I am swamped with writery tasks so today's post is some juicy links to keep you up-to-date and well informed and more....

Check out this post on "which rights you should sell" from the How Publishing Really Works Blog. This is good advice. Rights are only worth retaining if you think you can do better with them yourself. Realistically I think very few authors have the time or experience to go sell foreign rights themselves and especially here in New Zealand we have few agents who can take on this job for you. Different publishers here do have different records for overseas sales but we don't always/often/ever get to choose who publishes us so this information won't necessarily help you much. My current thinking on overseas sales is, a failure to sell in foreign markets comes down to five things. 1) They don't want your book because its cheaper and easier to stick with their local stuff. 2) They don't want your book because no one has showed it to them. 3) They don't want your book because they are risk averse. 4) They don't want your book because its not good enough. 5) The moons weren't correctly aligned, and the god/goddess of luck is in a bad mood. I liked what Walker Books Australia Editor Sarah Foster said recently on the subject, 'Overseas sales come from getting published and having sales in your home country first.' Work on getting published here. Work on establishing your brand and your reputation. There are no guarantees that this will give you overseas deals but it won't hurt. Some writery folk do skip this step and go straight to overseas deals with no local action at all. Lady Luck was in a good mood that day. If this doesn't happen to you then perservere with getting published and establishing yourself in the local market. If you do give your publisher foreign rights do, of course, make sure your rates for those foreign rights are within the norms (check out the NZSA, your writer mates and relevant blogs) but don't agonise over it folks.

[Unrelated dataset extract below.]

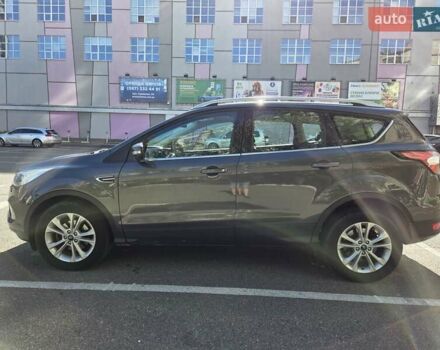 Серый Форд Куга, объемом двигателя 1.5 л и пробегом 35 тыс. км за 21000 $, фото 1 на Automoto.ua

Loved this link (via facebook from UK writer Tracy Ann Baines who can be found at her blog here) on the Biggest Problem in Publishing. Problems in publishing are a ginormous can of ugly-ass worms so to say there is only one biggest problem is a little presumptious but I do think this is a smart comment. What do y'all think?

Along with the exciting new Pear Jam publishing venture from author Jill Marshall there is another new kid on the block in local publishing. If speculative fiction is your thing go check this out!

And go check out the redoubtable Lily Max here, the splendiferous creation of the wonderful Jane Bloomfield. AND she has printables on the website!

1 comment:

Jane said...

Bring back adjectives I say!All is forgiven.Thanks for that Melinda.